Most nights, he wakes me up with his whimpering, then moves into the various cycles of sleep, from shallow breathing to apnea, and finally into full out guttural roar.
Sophie sleeps beside my ear; her snoring is almost cute, staccato. Finnigan is at the end of the bed, not snoring exactly, more like moaning. And then there is Scott who talks in his sleep and occasionally tells someone to "fuck off".
I'm sure that I snore but that might only happen if I were in the midst of full alcoholic unconsciousness, which rarely happens anymore.

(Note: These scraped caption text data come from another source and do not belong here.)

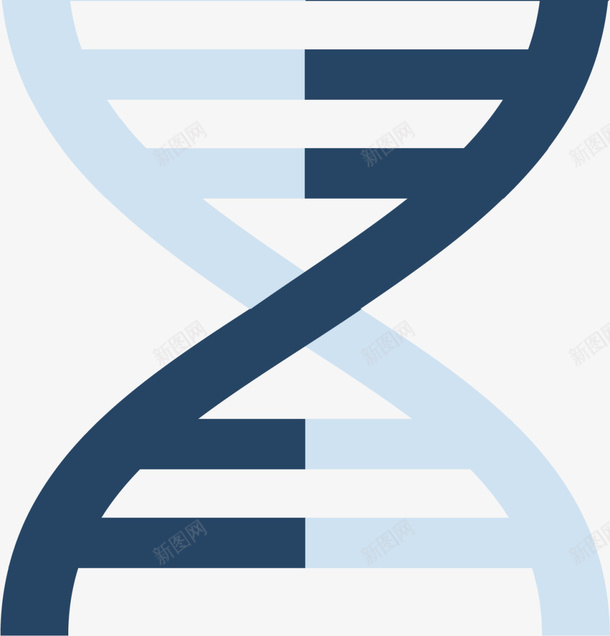 简约多彩DNApng免抠素材_88icon https://88icon.com 多彩DNA 多彩线条 小清新 水彩 简约NDA 螺旋DNA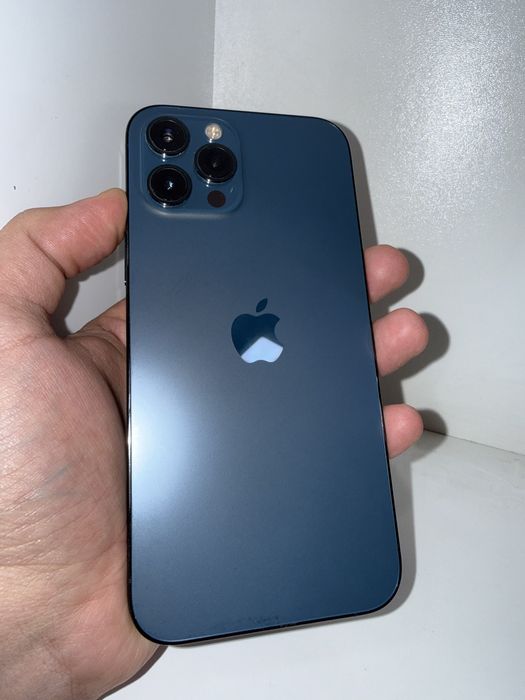 Iphone 12 pro max 256 gb blue rma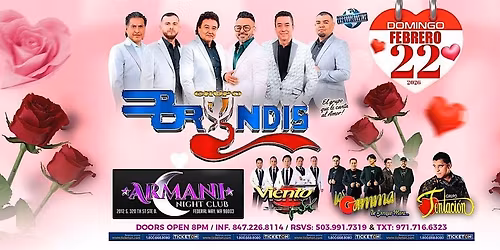 GRUPO BRYNDIS VIENTO Y SOL LOS GAMMA GRUPO TENTACION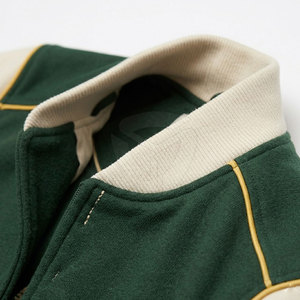 แจ็คเก็ตเลตเตอร์แมนสไตล์สปอร์ตสำหรับผู้ชาย เสื้อคลุมทันสมัย เนื้อผ้านุ่มสบาย เหมาะสำหรับแฟชั่นลำลอง ใช้ได้ทุกวัน และไลฟ์สไตล์คนเมือง - Product Image 6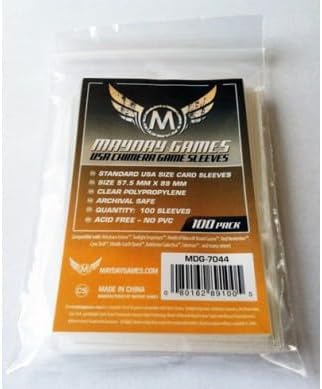 Mayday Games Welcome to Your Perfect Home -Standard Compatible Card Sleeve Bundle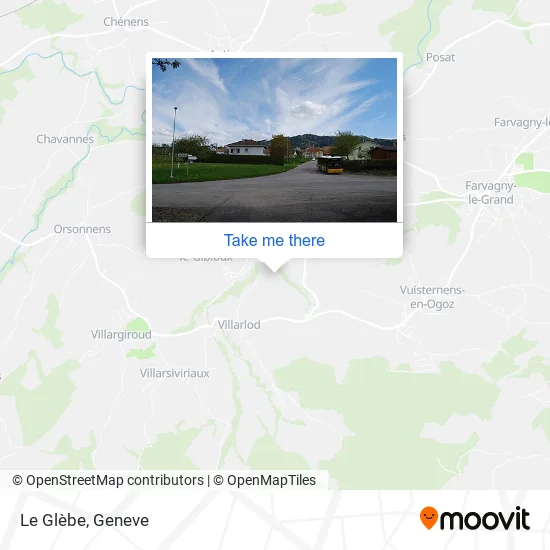 Le Glèbe plan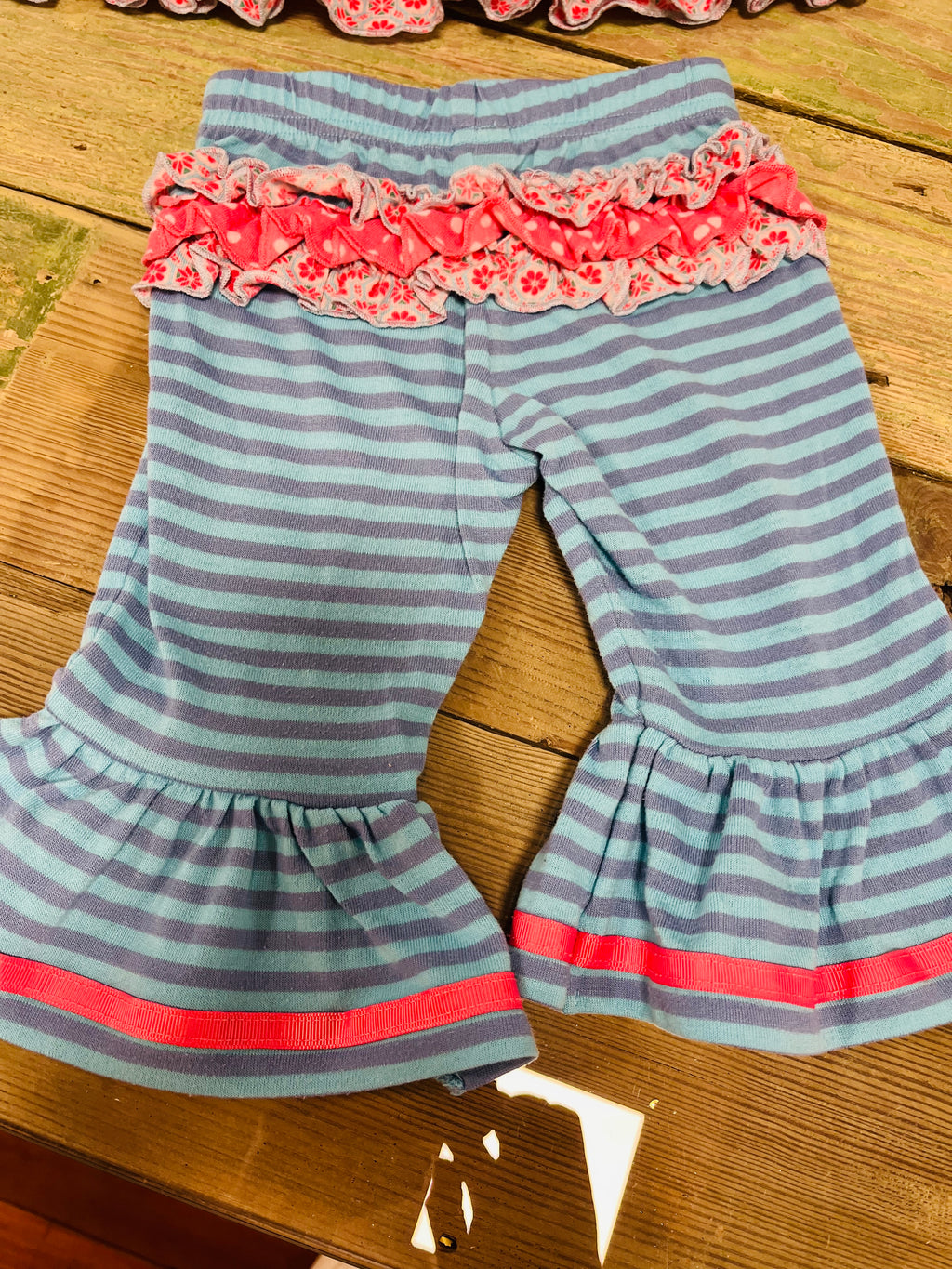 Set Pink/Blue Deer - 6-12month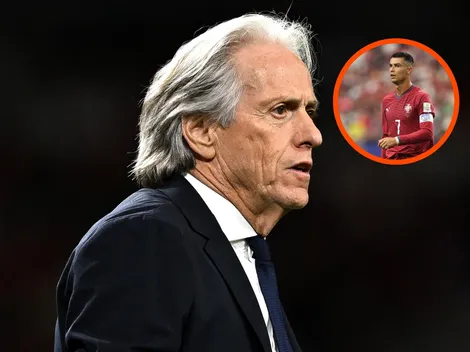 Jorge Jesús abrió la puerta al regreso de CR7
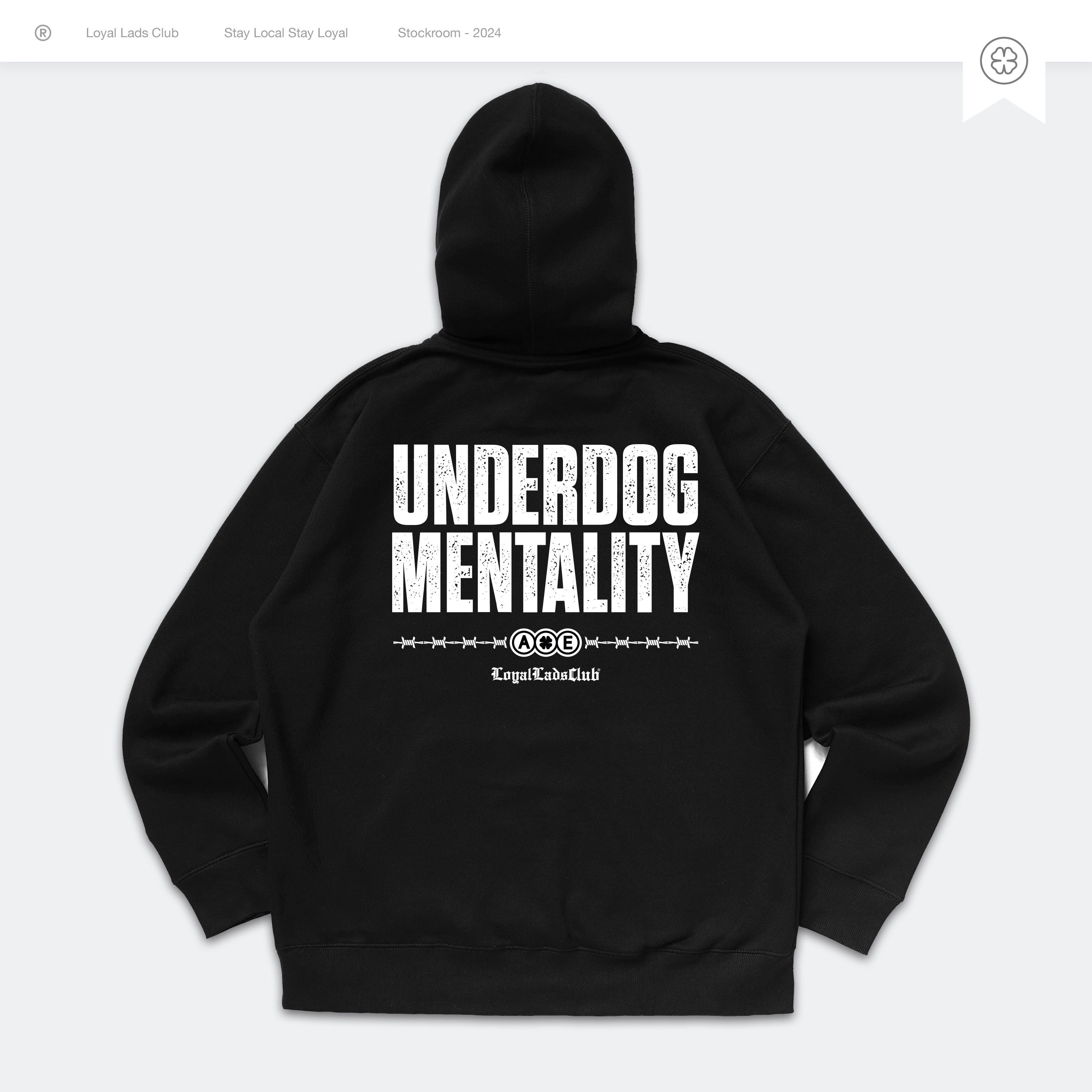 Hoodie - Underdog - Thumbnail 2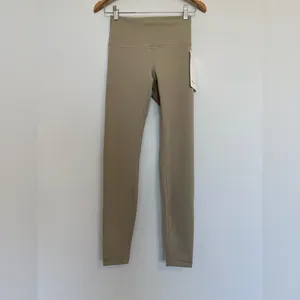 lululemon athletica High-Rise Leggings - Sheer Oak thumbnail 7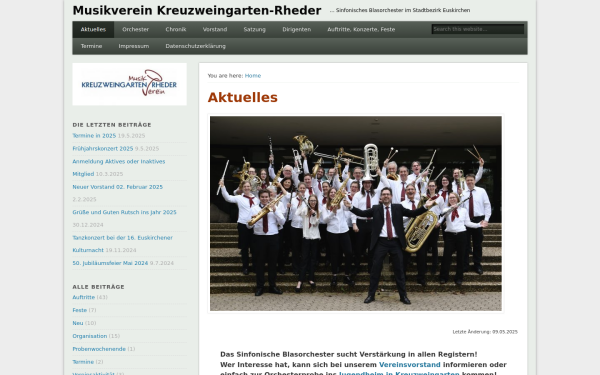 musikverein-kreuzweingarten-rheder.de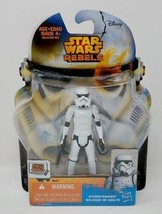 Star Wars Rebels Stormtrooper 3.75&quot; Action Figure NEW Sealed 2014 Hasbro SL01 - £12.39 GBP
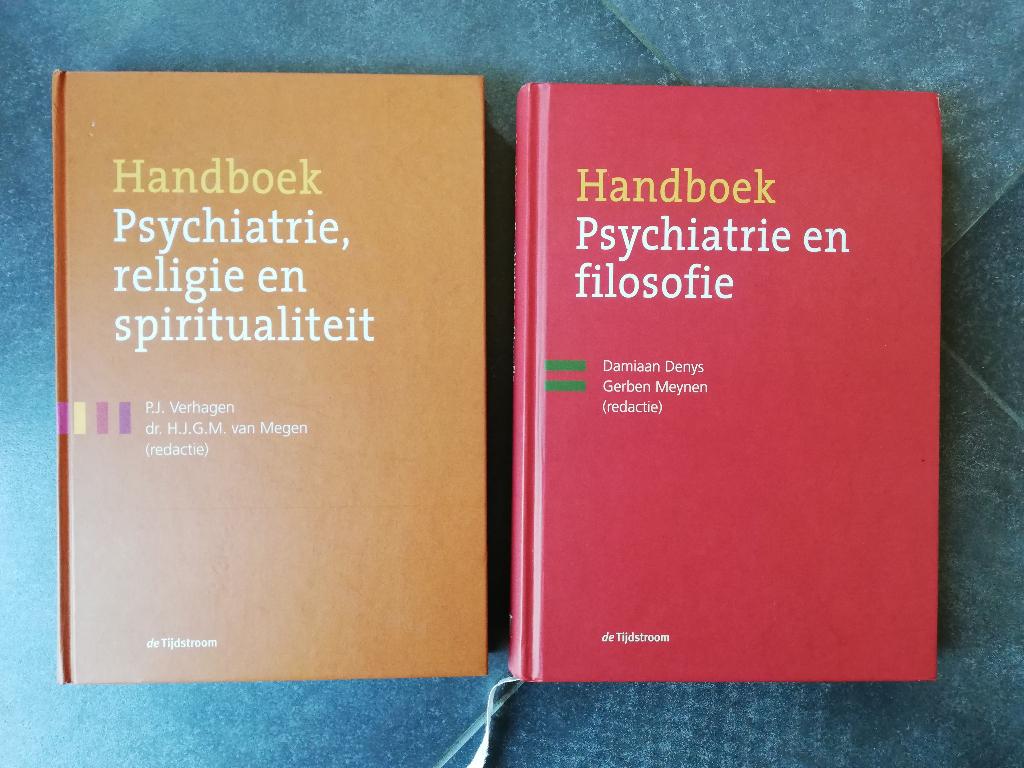 Handboek Psychiatrie Filosofie Religie Spiritualiteit, Boeken, Filosofie, Ophalen of Verzenden, Gelezen, Overige onderwerpen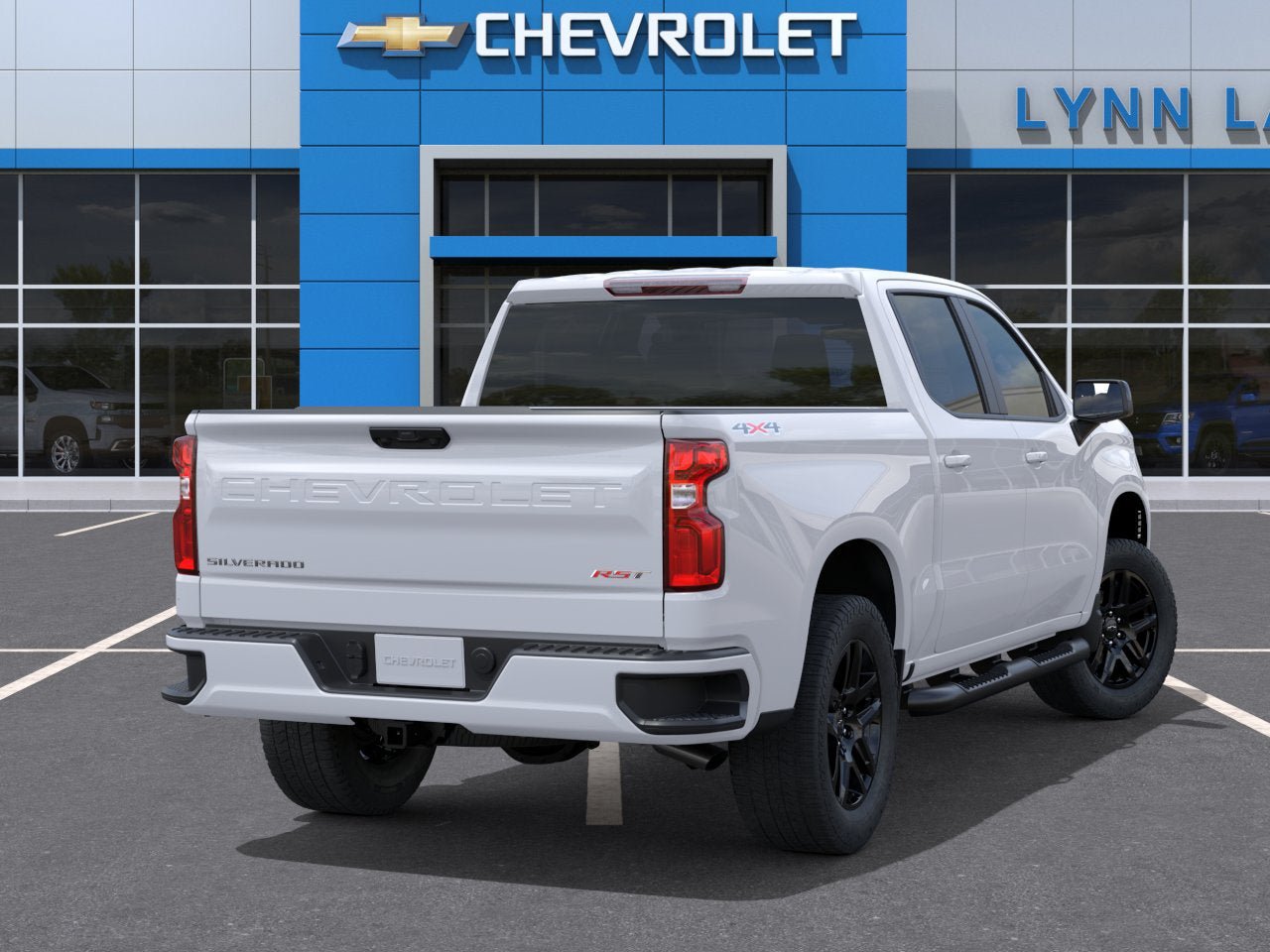 New 2026 Chevrolet Silverado 1500 RST w/ RST Select Package AWD/4WD image 4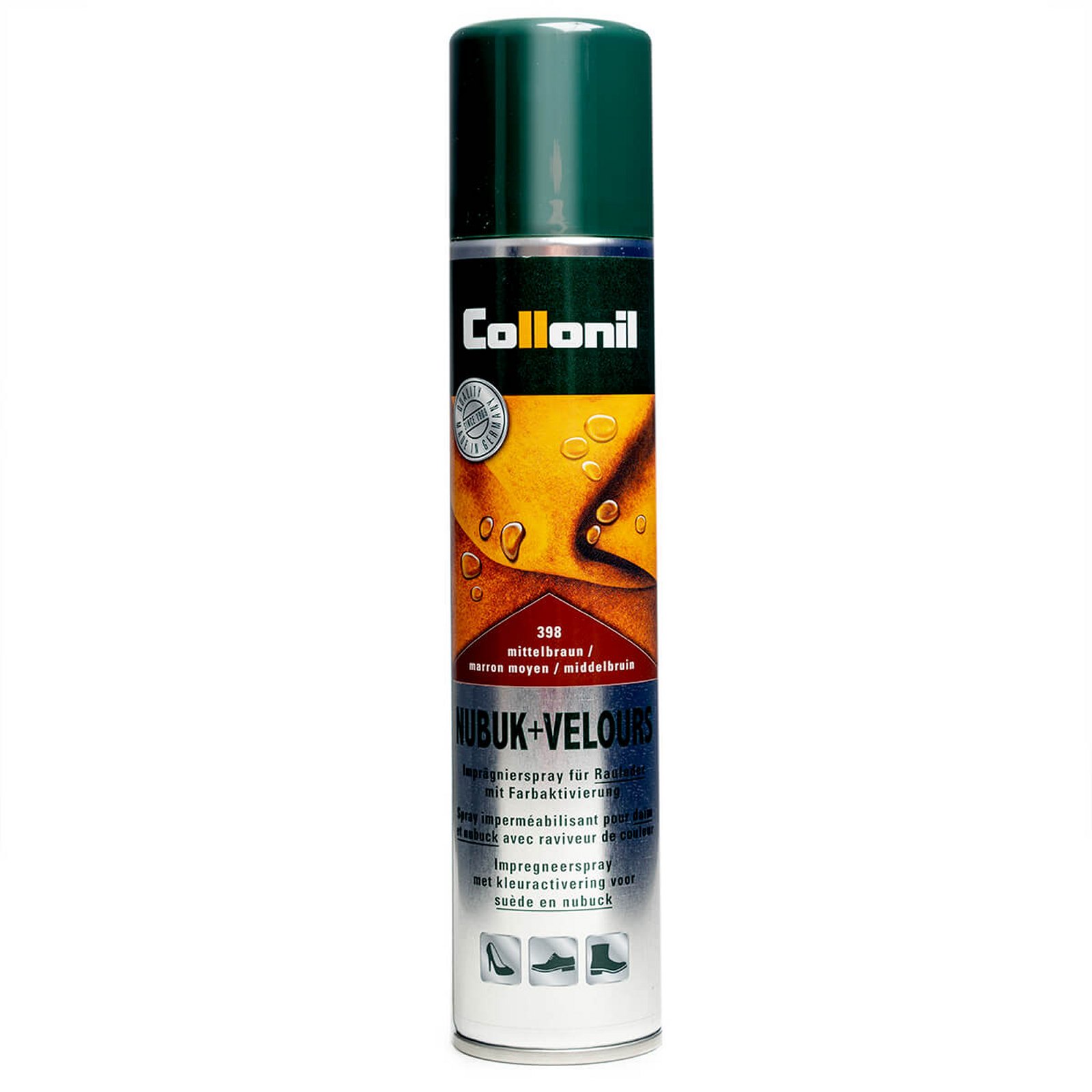 Collonil Nubuk+Vel.K.ruskea Spray 200ml*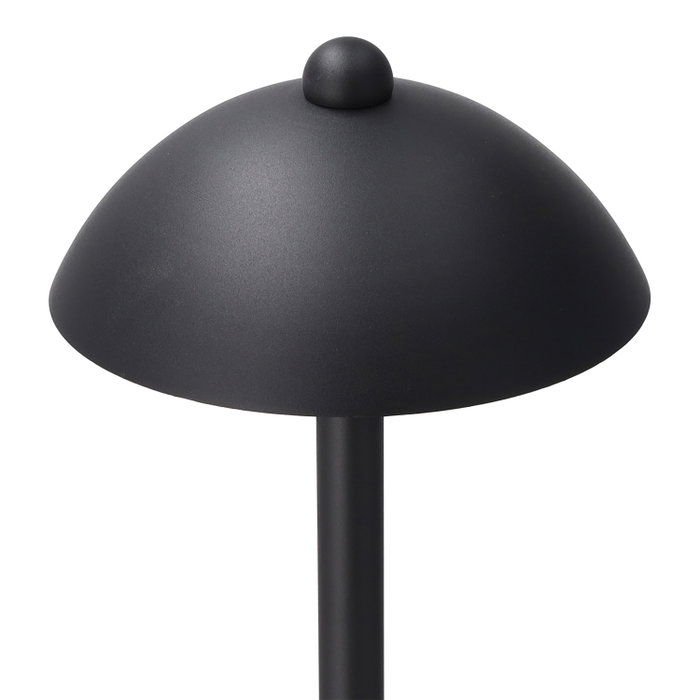 Sarh Baliza LED Exterior 70cm 7W 3000K Negro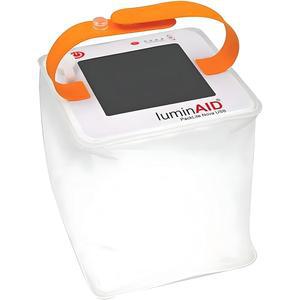 루미나이드 태양광 캠핑 랜턴 - 캠핑, 하이킹, 여행 등에 완벽한 풍선 LED 램프 - 정전, 허리케인, 서바이벌 키트를 위한 비상등 - 상어 탱크에서 볼 수 있는 모습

As a result of late onset maturity, I've simply become a light sleeper.
What to do?
Generally, I get up and check my email or my blog stats. Sometimes, but not often, I write a blog -- that's when I'm fully awake. Mostly, I just read the job boards wondering how I'd even be able to work a job in my day-to-day half-comatose condition.
Last night, I tried to go back to sleep, resting my one foot on Gordie who now requires human contact at all times, and the other foot off the bed lest it be assaulted by the cold pee. Finally, and gratefully, I drifted off only to be awakened at five thirty by Gordie's panting which is the signal that I must get up, pick him up and try to go back to sleep on the leather couch. Panting in Gordie's world means he's too hot and he can only be soothed by an Arctic blast of cold weather, which these days might also result in frostbite and exposure, or the allure of the cool leather couch.
Now that I think about it, perhaps I simply could have planted Gordie on the cold pee stain.
But then, we aren't really thinking at this stage are we?
Sofa surfing requires a proper routine and placement of the dogs because they all come out to sleep with me. Of course, they do.
So Gordie sleeps on his pillow, while Sophie curls up on top of me at waist position. I must always sleep on my side whilst on the couch or risk the impalement of my organs by boney little pug feet.
By six o'clock, sleep is finally mine but not for long. After a couple of hours of dogless sleep, Scott must get cold, so he wakes up, goes to the bathroom, leaves the light on then piles back into bed.
That's Finnigan's signal for "up" time.
He roars over to the couch, jumps on Sophie and the dance begins.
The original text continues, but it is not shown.